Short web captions
───
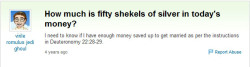 Proud-Atheist:  Fifty Sheckels In Today’s Moneyhttp://Proud-Atheist.tumblr.com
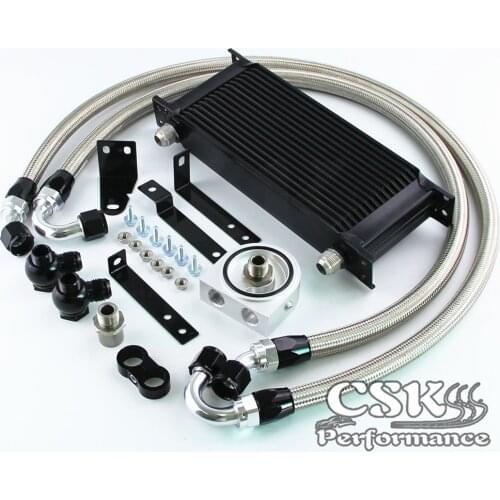 Direct Fits For honda S2000 00-09 16 Row Bolt On Engine Oil Cooler Hose Adapter Kit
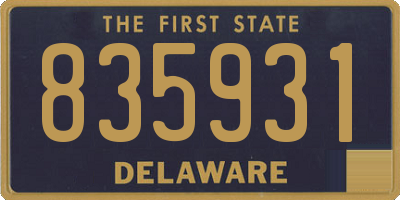 DE license plate 835931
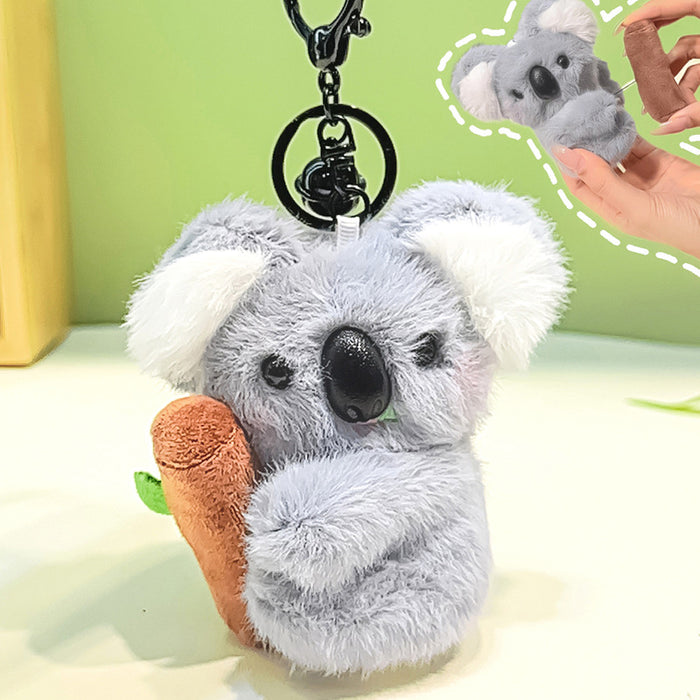 Wholesale cute koala plush Keychains pendant
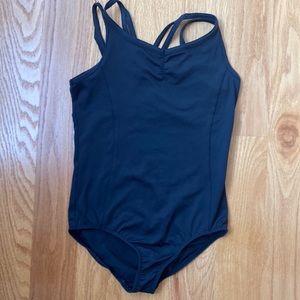 Danskin Black leotard girls size Medium 7/8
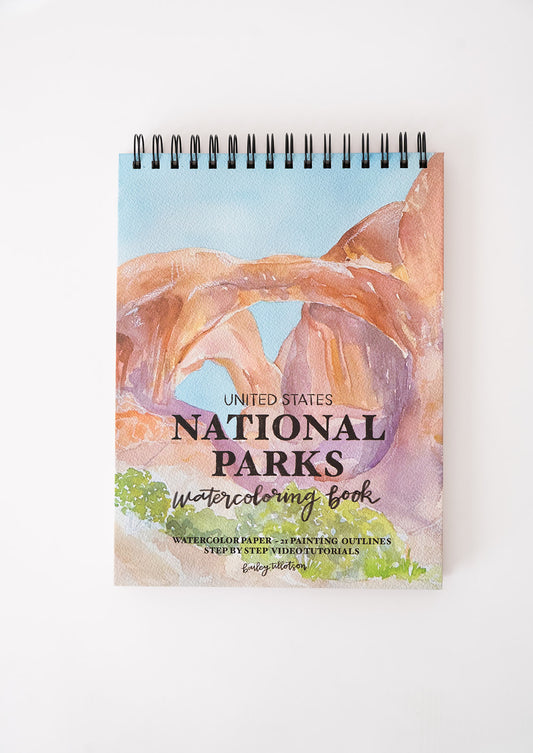 national parks watercolor book
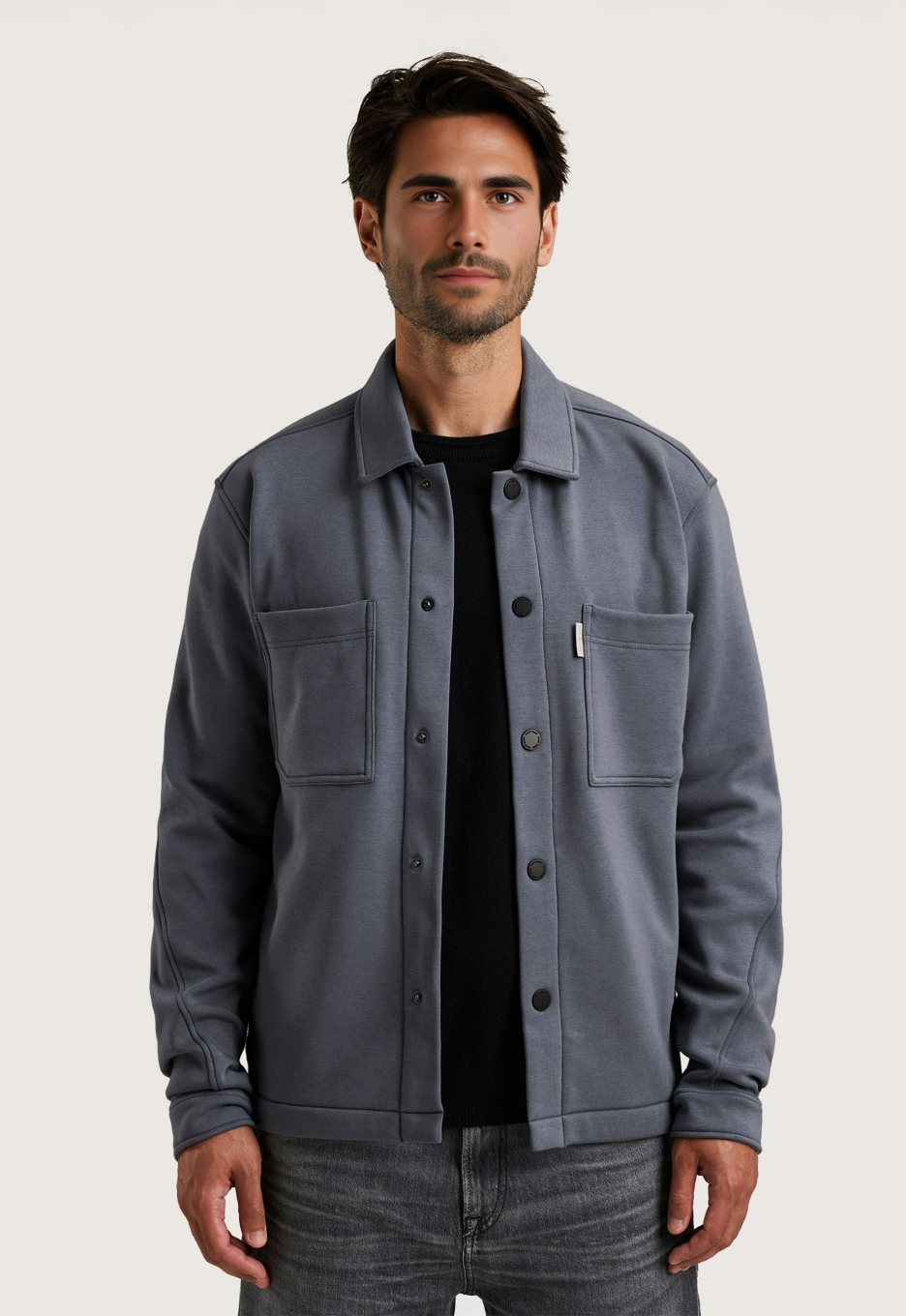 Cast Iron Button Interlock Jacket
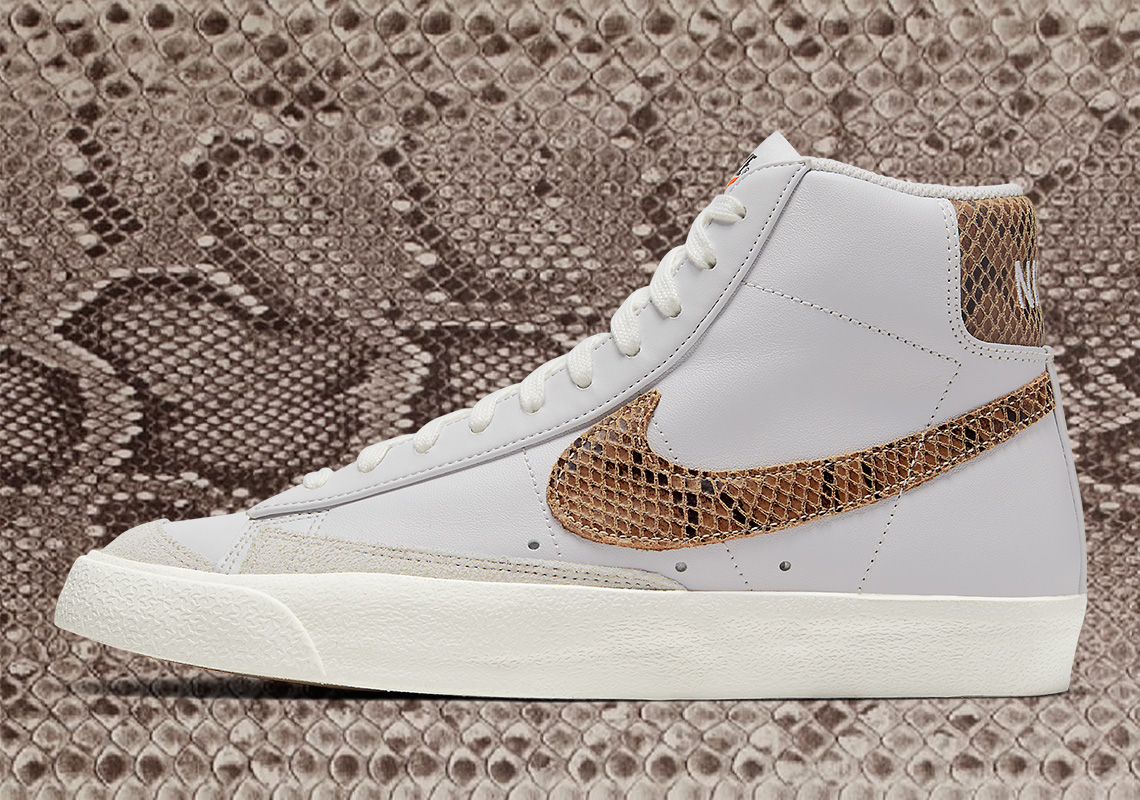 The Nike Blazer Mid '77 Utilizes The AF1 Python Snakeskin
───
The lines wanted run from the line containing "Cast Iron Button Interlock Jacket" through the end of the entries; return them exactly, both ends included, and keep pictures out.

 Cast Iron Button Interlock Jacket
 The Nike Blazer Mid '77 Utilizes The AF1 Python Snakeskin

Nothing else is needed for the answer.